Analisis korelasi Pearson
Meskipun
asumsi normalitas variabel prestasi tidak terpenuhi, namun saya akan mencoba
tetap melakukan analisis korelasi Pearson. Untuk cara analisis silakan lihat di
artikel ini. Setelah analisis
dilakukan, berikut adalah hasilnya.
Dari
output terlihat bahwa ketiga variabel saling berkorelasi secara signifikan (p
< 0,05), baik prestasi dengan motivasi (r = 0,304), prestasi dengan IQ (r =
287), dan motivasi dengan IQ (R= 384). Namun sebagaimana kita tahu dari uji
normalitas tadi, variabel prestasi mengalami penyimpangan asumsi normalitas
yang cukup parah. Sehingga nilai p yang dihasilkan masih perlu dipertanyatan. Sekarang
mari kita coba uji korelasi tersebut dengan metode bootstrapping.
Analisis korelasi Pearson
dengan boostrapping
Untuk
melakukan analisis korelasi dengan boostrapping, langkahnya kurang lebih sama,
klik analyze – correlate – bivariate,
dan masukkan ketiga variabel. Lalu klik boostrap..

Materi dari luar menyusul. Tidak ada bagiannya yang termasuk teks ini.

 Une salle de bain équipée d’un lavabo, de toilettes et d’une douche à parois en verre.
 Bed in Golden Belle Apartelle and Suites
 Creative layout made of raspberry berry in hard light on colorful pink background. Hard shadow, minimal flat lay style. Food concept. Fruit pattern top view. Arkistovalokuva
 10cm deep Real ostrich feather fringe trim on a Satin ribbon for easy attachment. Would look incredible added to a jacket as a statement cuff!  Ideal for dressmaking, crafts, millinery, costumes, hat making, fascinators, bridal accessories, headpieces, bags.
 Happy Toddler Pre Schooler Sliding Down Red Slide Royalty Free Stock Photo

maka akan muncul seperti ini.
Lalu
centang perform bootstrapping, dan
tentukan jumlah sampel kita. By default SPSS akan mengeluarkan 1.000, artinya
kita akan melakukan resample sejumlah 1.000 kali. Kita bisa meningkatkan angka
ini sehingga hasilnya bisa lebih akurat, namun sebagian besar ahli berpendapat
bahwa menaikkan sampel lebih sari 1.000 tidak akan berdampak besar. Semakin besar
sampel, semakin lama pula komputer akan melakukan komputasi. Untuk contoh kali
ini kita gunakan 1.000 sampel saja. Jika sudah klik continue dan OK. Output
dapat dilihat di bawah
Untuk
membaca hasil analisis dengan bootstrapping, kita cukup melihat pada baris yang
bertuliskan bootstrap. Hasil tersebut adalah hasil analisis boostrap dengan
1.000 sampel pada taraf kepercayaan 95%. Untuk melihat apakah korelasinya
signifikan atau tidak, kita lihat pada batas bawah (lower) dan batas atas
(upper). Lower dan upper merupakan rentang nilai r yang sesungguhnya dengan
taraf kepercayaan 95%. Misalkan, korelasi prestasi dan motivasi adalah r =
0,304; dan nilai sesungguhnya berada pada rentang antara -0,018 (lower) sampai
dengan 0,538 (upper). Dikarenakan dalam rentang tersebut mengandung nilai nol
yang berarti tidak ada hubungan, jadi dapat disimpulkan bahwa tidak ada
hubungan antara prestasi dan motivasi. Atau cara mudahnya, jika upper dan lower
berada pada satu kutub yang sama, misal sama-sama memiliki nilai positif atau sama-sama
memiliki nilai negatif maka korelasinya signifikan; namun sebaliknya jika upper
dan lower kutubnya berbeda, maka tidak signifikan.
Dari
output tersebut kita tahu bahwa sesungguhnya antara prestasi dan motivasi tidak
berhubungan, begitu juga dengan prestasi dan IQ. Hasil ini berbeda dengan
analisis sebelumnya yang tanpa menggunakan boostrapping. Jika disuruh memilih,
kita akan menggunakan hasil yang mana? Tentu saja saya lebih percaya pada hasil
analisis dengan bootstrapping karena asumsi normalitas variabel prestasi tadi
tidak terpenuhi. Sementara jika kita menggunakan bootstrap, kita tidak
memerlukan asumsi normalitas. Jika kita lihat lebih lanjut pada korelasi antara
motivasi dengan IQ yang keduanya berdistribusi normal, baik menggunakan
analisis biasa ataupun dengan boostrapping menghasilkan hasil yang sama, yakni sama-sama
ada korelasi yang signifikan.
Saya melakukan analisis
boostrapping beberapa kali kok hasilnya berbeda?
Ya,
seringkali ketika kita melakukan bootstrapping, hasil nilai lower dan upper antar
satu analisis dengan analisis yang lain hasilnya berbeda. Mengapa demikian? Karena
komputer melakukan resample secara acak, jadi ada kemungkinan yang akan data
yang terambil juga berbeda. Sayangnya jika kita analisis dengan SPSS, kita
tidak bisa mengetahui hasil resample data kita. Namun perbedaan hasil itu
semakin kecil kemungkinannya jika kita menggunakan sampel bootstrapping yang
sangat besar, misal di atas 10.000. Namun kembali lagi, konsekuensi menggunakan
sampel yang besar adalah analisis yang memakan waktu cukup lama.